Wolverine to cut 10 percent of workforce
Wolverine World Wide (NYSE: WWW), parent of Merrell and licensee of Patagonia Footwear, said it will cut 450 jobs — about 10 percent of its staff — in a cost-saving effort.
The company plans to save $17 million to $19 million annually from the restructuring, which will cost $31 million to $36 million before taxes to implement. The charges will be recorded throughout 2009.
The company is consolidating distribution and global operations functions, realigning its domestic manufacturing operations, considering alternatives for its company-owned leather business and cutting corporate costs.
This plan represents the second phase of a top-to-bottom strategic review of the company’s branded businesses and related infrastructure. The first phase of this review resulted in Wolverine’s decision over a year ago to exit several non-core businesses.
After the cuts, the company will employ about 4,200 people.
In October, Wolverine said profit for its fiscal third quarter rose 6 percent to $31.2 million, while revenue rose 3 percent to $318.9 million.
Big 5’s Q4 same-store sales down 8.6 percent
Big 5 Sporting Goods (Nasdaq: BGFV) said same-store sales fell 8.6 percent in the fourth quarter as fewer customers visited its stores. Despite that, it offered new guidance toward the higher end of its previous estimates for the quarter and the year, noting it was managing its inventories and not significantly reducing its product margins.
For the fourth quarter, the company said sales fell 5.4 percent to $219.6 million, down from $232.1 million in the year-earlier period.
For the full year, sales fell 3.7 percent to $864.7 million, from $898.3 million last year. Same-store sales fell 7 percent for the year.
The company reported that its three major categories performed well in the quarter, with hardgoods the strongest, followed by footwear and apparel.

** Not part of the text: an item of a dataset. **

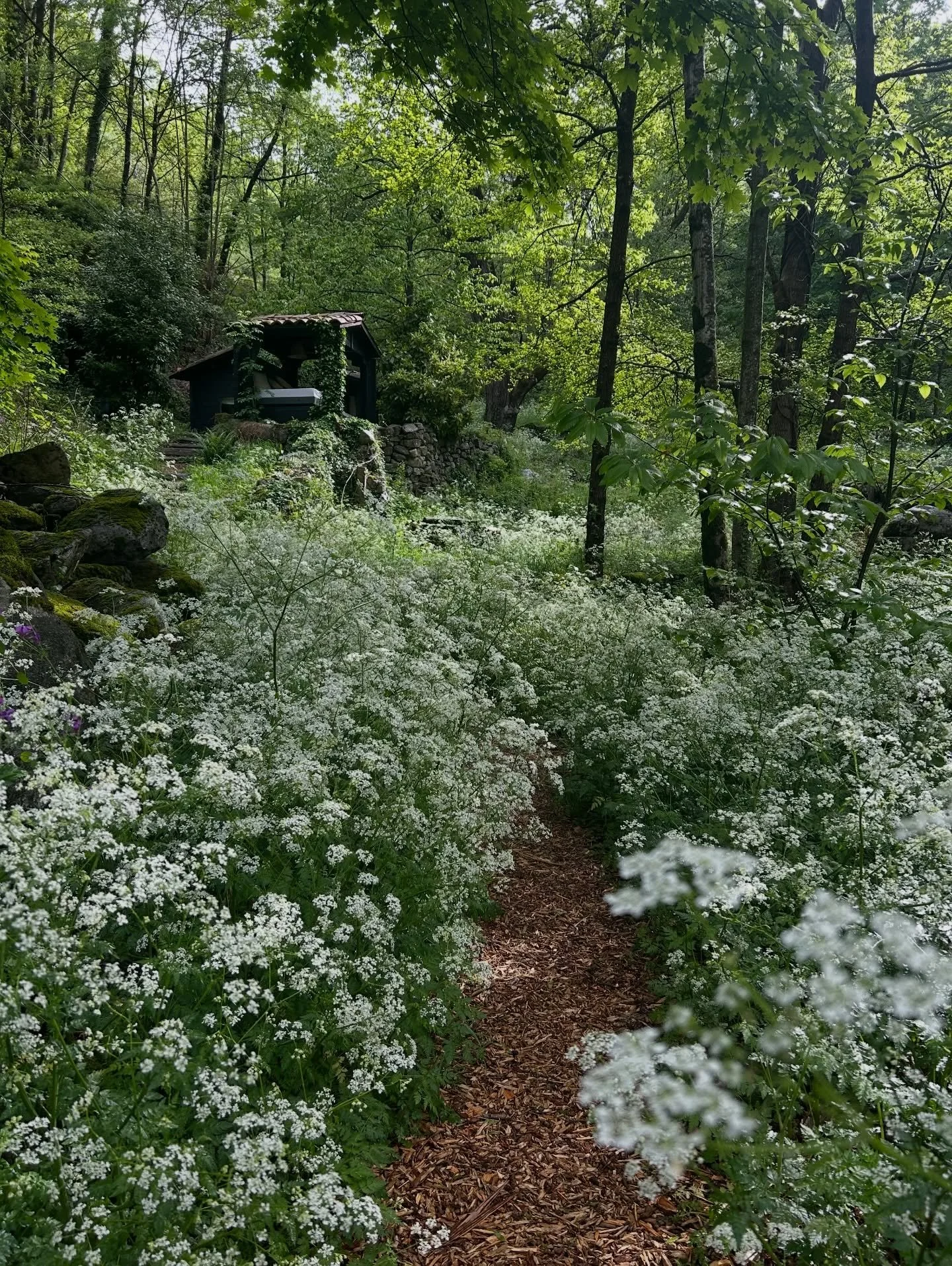 THINGS THAT OCCUPY MY MIND // And the fact that we are on the home-run for spring.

It’s focused on controlling expenses and managing inventories, it said, adding that per-store inventories ended the year about 11 percent lower than the previous year.

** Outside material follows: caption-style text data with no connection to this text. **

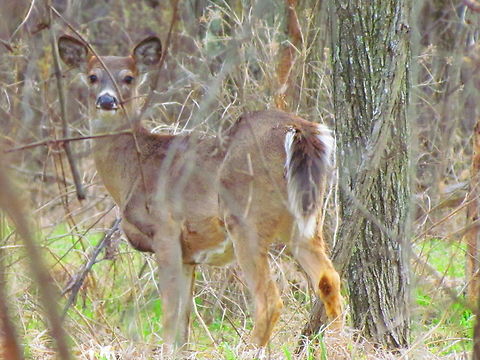 White-tailed Deer at Deer Creek State Park 4 One of my my favorite shots! It is hanging on my wall as a 16 x 20 poster print. Odocoileus virginianus,White-tailed Deer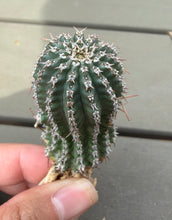 Load image into Gallery viewer, Euphorbia phillipsioides

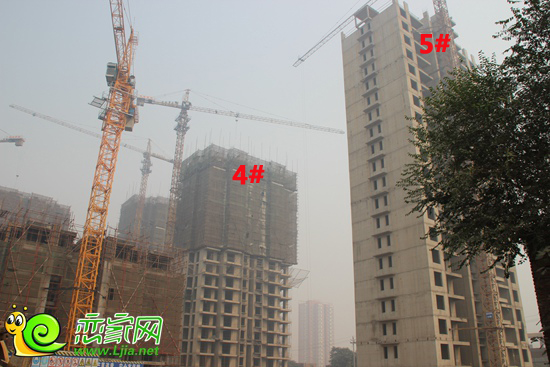 金色漫城實景圖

The company’s positive cash flow allowed it to reduce borrowings under its credit facility to $96.5 million at the end of the year, compared with $103.4 million at the end of the previous year.
The company said it expects earnings per share in the fourth quarter to range from $0.13 to $0.16, which was toward the upper end of its previously issued guidance of $0.07 to $0.17.
The company said for the year it expects earnings per share to range from $0.61 to $0.64, which is also toward the higher end of its previous estimate of a range of $0.55 to $0.65.